The Concise Oxford English Dictionary (2009, p. 961) defines a ‘network’ as an ‘arrangement of intersecting horizontal and vertical lines.’ This might not immediately seem relevant to networks of people but actually it helps with visualising how people in a network connect up, because the dictionary goes on to suggest that a network can also be ‘a group or system of interconnected people and things’. Figure 6 is an example of what a network of people might look like. It shows clearly the direct connections from one person to another. However, it also shows that the same people are connected indirectly, via other contacts.
Alternatively, Figure 7 is an example of a typical organisation chart for a business. There are vertical lines between people, representing who is more senior and who reports to whom. As well as this vertical arrangement, there are also clear horizontal arrangements for the roles. These indicate which departments are equal to but different from each other. Effectively, the organisation chart shows how the ‘system’, which is the business in this case, is interconnected and meant to function.

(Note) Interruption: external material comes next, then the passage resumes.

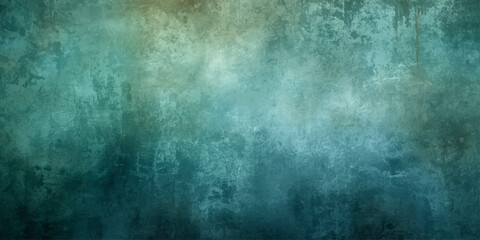 Obraz premium A dark blue grunge background features a vintage textured wall pattern with smoky clouds and a storm of light across an old paper surface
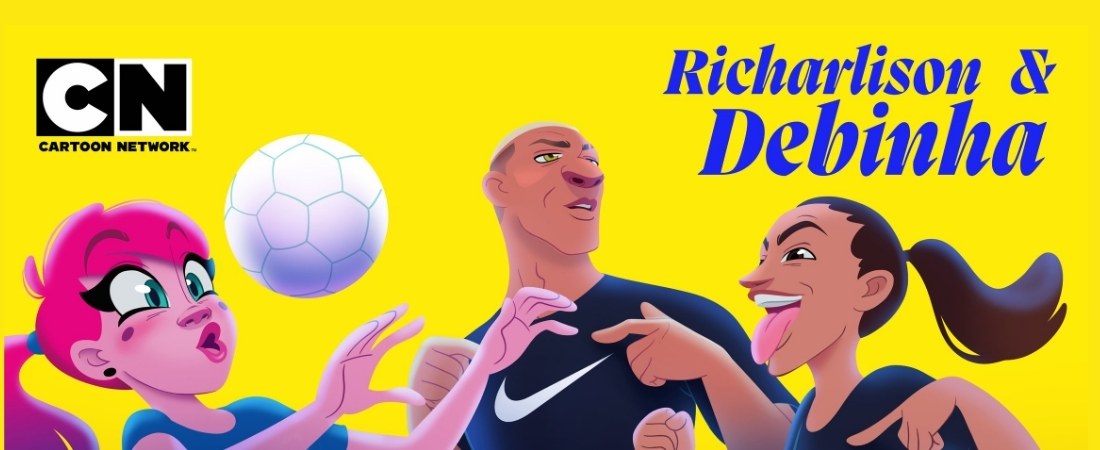 Nike transforma Debinha e Richarlison em desenho para campanha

However, most people who have worked in organisations know that people do not always communicate in the vertical and horizontal ways which the chart suggests. People talk to the people they know. So a more informal network will exist within any organisation and it will look more like the interconnected web shown in Figure 6.
This is because networks are groups of people with a common interest, one which is not dependent on tasks or work objectives. For instance, your organisation might have a running club, where all the members are interested in running but wouldn’t necessarily work with each other directly.
Networks bring together people with a common interest, they are largely outside formal structures, and any hierarchy which might exist is based on the usefulness of a person to the network.